Wolfgang Vogelsang, LL.M (London)
wissenschaftlicher Assistent
Lehrstuhl Prof. Dr. Stephan Lorenz 
 
 
Arbeitsgemeinschaft Zivilrecht IV

 ZPO-Erkenntnisverfahren

4. Arbeitsgemeinschaft

 Zulässigkeit der Klage III

 

Fall 3:          "Mitgefangen, mitgehangen?"

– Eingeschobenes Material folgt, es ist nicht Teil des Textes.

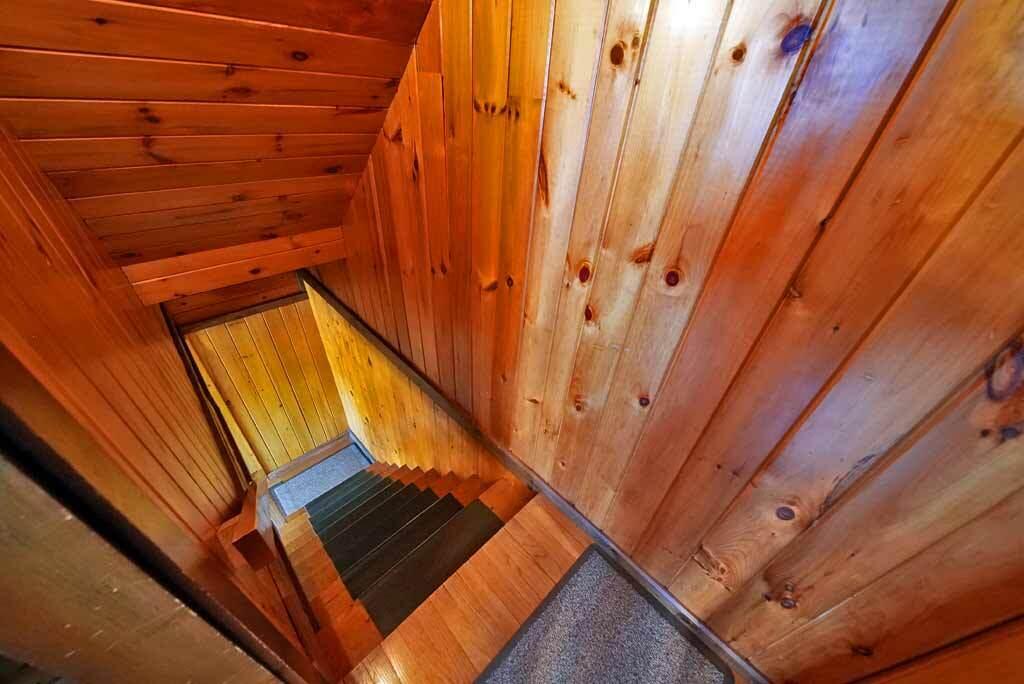 1058 Highway 1 Weston, ME 04424 - Photo 65 of 94 basement-finished-stairway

A, B und C sind Gesamtschuldner aus gemeinschaftlichem Delikt (§ 840 Abs. 1 BGB). Der Verletzte (V) erwirkt gegen A ein Urteil auf Zahlung von Schadensersatz in Höhe von DM 12.000. Nach erfolgloser Zwangsvollstreckung bei A beantragt V bei dem Gericht, das das Urteil gegen A erlassen hat, die Vollstreckungsklausel auf B und C umschreiben zu lassen.

Wie ist die Rechtslage? 
 
 

Lösung:

Fraglich ist, ob die Vollstreckungsklausel des Urteils gegen A auf B und C umgeschrieben werden kann. Das kommt nur dann in Betracht, wenn sich die Rechtskraft des Urteils gegen A auch auf B und C erstreckt (vgl. §§ 727 ff ZPO).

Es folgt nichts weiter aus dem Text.